In an article published recently on this site, “Male circumcision policy ignores research showing benefits”, the authors stated some alleged benefits of infant male circumcision and argued the Royal Australasian College of Physicians’ policy (that infant male circumcision is not warranted in Australia and New Zealand) is misguided and not based on evidence.
The article itself ignores not just research and good policy, but also law – in particular, international human rights law, which Australia is bound to uphold.
The importance of holistic policy
Developing good public health policy is more than simply making conclusions based on risks and benefits to physical health. It requires consideration of what is meant by health. The World Health Organization defines health as not only physical, but also mental and social well-being. Any debate about infant male circumcision should take into account the potential long-term trauma (conscious or subconscious) of such a procedure, as well as the sense of violation it engenders.
And if scientific research is used as justification for a medical procedure, it should be applicable to the context. The research cited as showing the utility and benefit of male circumcision for disease prevention is limited exclusively to developing countries, including HIV/AIDS-prevalent societies. This doesn’t make infant male circumcision a necessary procedure in Australia.
The Royal Australasian College of Physicians (the policy paper of contention in the article in question), the Paediatric Society of New Zealand, the British Medical Association, the Canadian Paediatric Society, American Academy of Pediatrics and the American College of Obstetricians and Gynecologists all deem infant male circumcision for religious, appearance or even perceived preventative medical reasons as unnecessary medical procedure. They all consider it to be either elective or non-therapeutic surgery.
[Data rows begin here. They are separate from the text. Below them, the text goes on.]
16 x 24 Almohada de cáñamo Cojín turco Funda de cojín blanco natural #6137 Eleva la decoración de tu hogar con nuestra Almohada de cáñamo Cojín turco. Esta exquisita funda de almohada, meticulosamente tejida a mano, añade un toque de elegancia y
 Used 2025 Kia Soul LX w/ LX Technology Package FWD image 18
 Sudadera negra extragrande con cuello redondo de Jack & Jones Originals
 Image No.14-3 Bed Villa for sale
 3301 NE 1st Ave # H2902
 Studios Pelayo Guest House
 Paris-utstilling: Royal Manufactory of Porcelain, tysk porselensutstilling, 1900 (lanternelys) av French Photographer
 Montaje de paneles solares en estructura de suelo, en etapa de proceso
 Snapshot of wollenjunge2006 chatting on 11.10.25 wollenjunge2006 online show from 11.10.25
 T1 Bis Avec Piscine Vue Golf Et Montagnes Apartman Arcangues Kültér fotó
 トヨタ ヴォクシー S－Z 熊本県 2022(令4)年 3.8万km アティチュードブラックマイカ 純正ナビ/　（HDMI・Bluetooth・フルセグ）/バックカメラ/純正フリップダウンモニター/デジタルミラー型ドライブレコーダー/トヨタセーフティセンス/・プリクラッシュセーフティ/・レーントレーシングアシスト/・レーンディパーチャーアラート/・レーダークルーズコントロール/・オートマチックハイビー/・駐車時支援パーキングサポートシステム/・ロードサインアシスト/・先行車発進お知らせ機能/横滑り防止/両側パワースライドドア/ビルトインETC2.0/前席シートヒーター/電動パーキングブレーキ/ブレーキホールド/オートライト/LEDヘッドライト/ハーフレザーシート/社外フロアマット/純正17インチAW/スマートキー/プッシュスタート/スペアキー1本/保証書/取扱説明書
Male circumcision and infant male circumcision both ultimately boil down to choice – and that is a human rights issue. At the heart of human rights is the concept of human dignity, and rights such as those to physical integrity, to the highest attainable standard of physical and mental health, and, in the case of children, the obligation to act in their best interests.
These are not only protected under international human rights law, but are entrenched in criminal law systems in various forms. Criminal laws consider interference with the physical integrity of another human being as the most serious of offences.
Human rights law reflects the importance placed on such violations and a forced medical procedure on an individual is in breach of a number of human rights. Circumcision without consent or any immediate medical necessity on a healthy adult male would clearly be in breach of his human rights. So how is infant male circumcision without consent any different?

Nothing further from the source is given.